Hawthorn won the match by a point to make the finals and go around at least one more time.
But the Demons were well out of finals contention and their players faced an uncertain future.
"My recollections of that night are that it was just all about playing for your mates," Melbourne champion David Neitz told AAP.
"We felt like the whole side was going to be busted apart and this was the last time we would be out there on the field together.
"I don't know how the Hawks went about it. Potentially it was a similar feeling for them, and there's no doubt that emotion spilled out.
"At the first bounce there was carnage. It was an absolutely furious start to the game ... there were bodies flying everywhere - it was brutal.
"There was a lot happening in that game."
Neitz, who was 21 at the time, was on fire and finished with six goals to take out the first of seven club leading goalkicker titles in his 306-game career.
But he was overshadowed by Jason Dunstall, who needed nine goals to reach 100 for the season and kicked 10 to make it to triple figures for the sixth time.
Feisty Melbourne midfielder Alastair Clarkson amassed 29 possessions and kicked a goal against the side he would go on to coach to four flags.
Todd Viney, with two-year-old son Jack safely tucked in bed at home, had a chance to win it with two minutes left but his hurried shot skewed off his boot out on the full.
The Demons threw everything at the Hawks after Neitz's sixth goal made it a one-point game with four minutes left until Nick Holland's saving mark in the dying seconds settled a titanic struggle.
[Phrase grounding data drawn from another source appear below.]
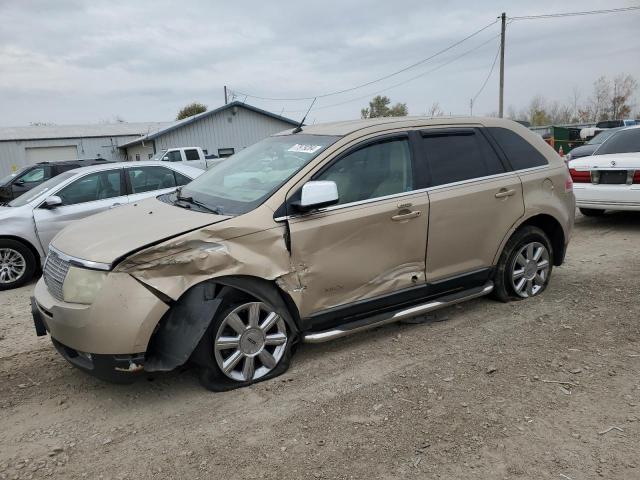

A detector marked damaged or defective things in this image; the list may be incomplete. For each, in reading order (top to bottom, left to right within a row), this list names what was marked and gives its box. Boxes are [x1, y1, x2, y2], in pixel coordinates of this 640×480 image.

smashed hood [50, 196, 230, 266]
damaged lincoln mkx [31, 117, 576, 390] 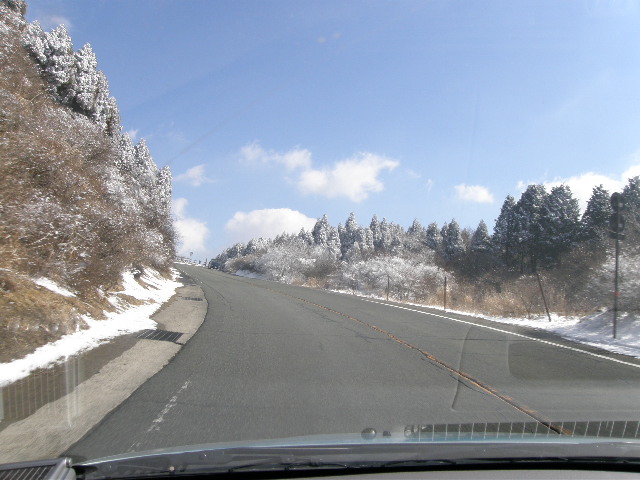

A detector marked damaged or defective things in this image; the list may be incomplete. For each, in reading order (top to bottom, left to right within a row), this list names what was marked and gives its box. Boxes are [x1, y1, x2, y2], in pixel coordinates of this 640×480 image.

crack sealant line on road [260, 284, 564, 438]
crack sealant line on road [360, 296, 640, 372] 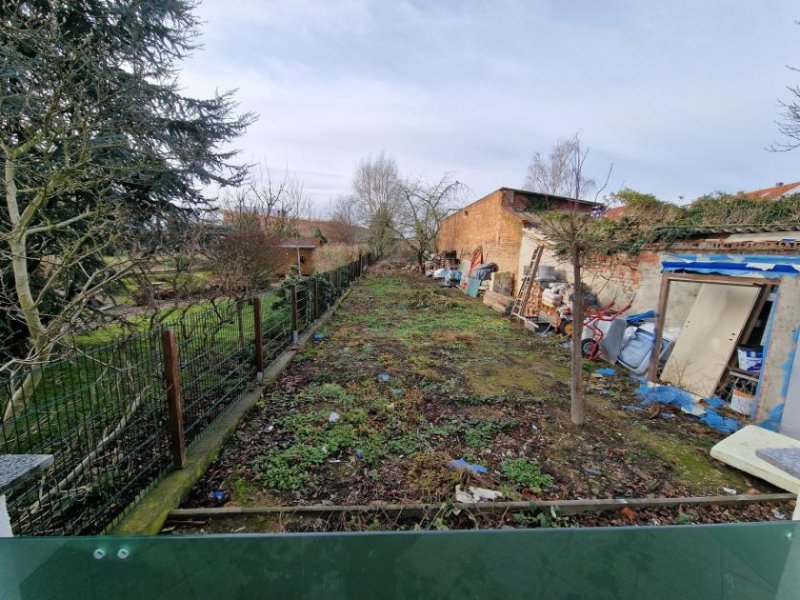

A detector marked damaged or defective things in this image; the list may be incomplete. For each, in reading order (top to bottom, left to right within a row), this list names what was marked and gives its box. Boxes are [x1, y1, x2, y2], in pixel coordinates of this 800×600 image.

rusty fence post [162, 328, 188, 468] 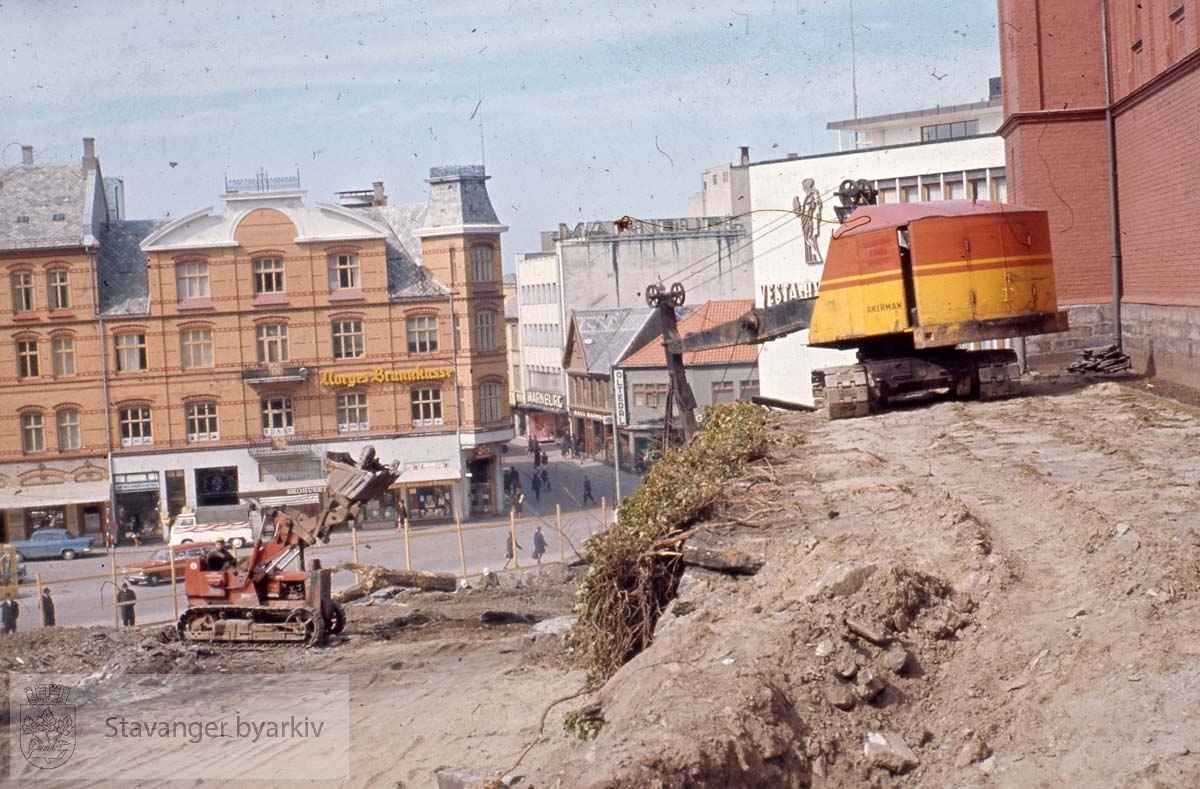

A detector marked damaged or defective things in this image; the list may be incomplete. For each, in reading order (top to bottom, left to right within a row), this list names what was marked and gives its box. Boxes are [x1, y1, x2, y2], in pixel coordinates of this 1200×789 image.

"Whenever Melbourne have played Hawthorn since I think that merger proposition hangs in the air," Neitz said.
"It was more acute in the years soon after the merger didn't go ahead but I think it's still there for a lot of people.
"Whether that has as much of an impact on the current day players, I'm not sure.
"A lot of our guys weren't even born then but I think a lot of fans still feel it quite a bit."
Friday night's clash will be the first final and most important encounter between the sides since that eventful night in 1996.
Neitz, who played in 13 finals for the Demons including the 2000 grand final loss to Essendon, is hopeful Simon Goodwin's side can overcome the Hawks on their way to a 13th premiership, their first since 1964.
"There's been some hard times and you do feel for everyone but the club has been able to get it right over the past few years," he said.
"Simon Goodwin's a good coach who the players seem to respect a great deal and who is getting the most out of them.
"They're playing with the intensity of a side that can match it with anyone on any given day or ground.
"It certainly holds them in good stead."